Search code examples
javascriptregex

Why do negated character classes in JavaScript Regular Expressions traverse newlines even with multiline mode disabled


Encountered a strange behaviour with negated charatcer classes traversing newlines without m/multiline provided.

> node
Welcome to Node.js v22.7.0.
Type ".help" for more information.
> 'abc\nabc\nabc\n'.replace(/b[^z]+/g, '')
'a'
> 'abc\nabc\nabc\n'.replace(/b[^z\n]+/g, '')
'a\na\na\n'

I expected that the first result would only be the case when the m multiline flag is enabled:

> 'abc\nabc\nabc\n'.replace(/b[^z]+/gm, '')
'a'

Is this a bug, or is this expected? If it is expected, what is the reasoning?

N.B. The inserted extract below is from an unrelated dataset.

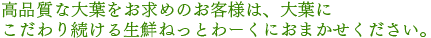 高品質な大葉をお求めのお客様は、大葉にこだわり続ける生鮮ねっとわーくにおまかせください。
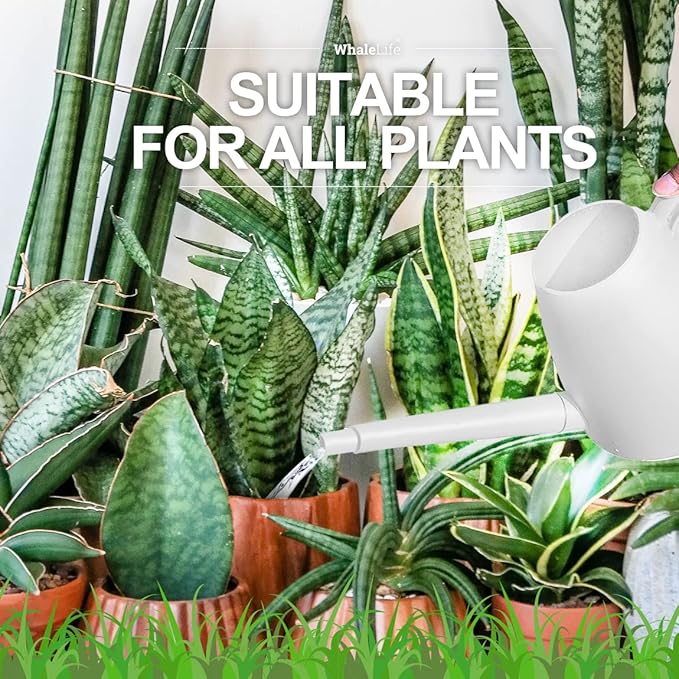WhaleLife Indoor Watering Can for House Bonsai Plants (2.0L, White)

I was able to work around it with this usage of ?$ at the end:

> 'abc\nabc\nabc\n'.replace(/b[^z]+?$/g, '')
'a'
> 'abc\nabc\nabc\n'.replace(/b[^z]+?$/gm, '')
'a\na\na\n'

Solution

  • From the documentation you linked to

    ... if m is used, ^ and $ change from matching at only the start or end of the entire string to the start or end of any line within the string.

    You aren't using these in your regular expression so I wouldn't expect to see a difference in behaviour when removing the multiline option.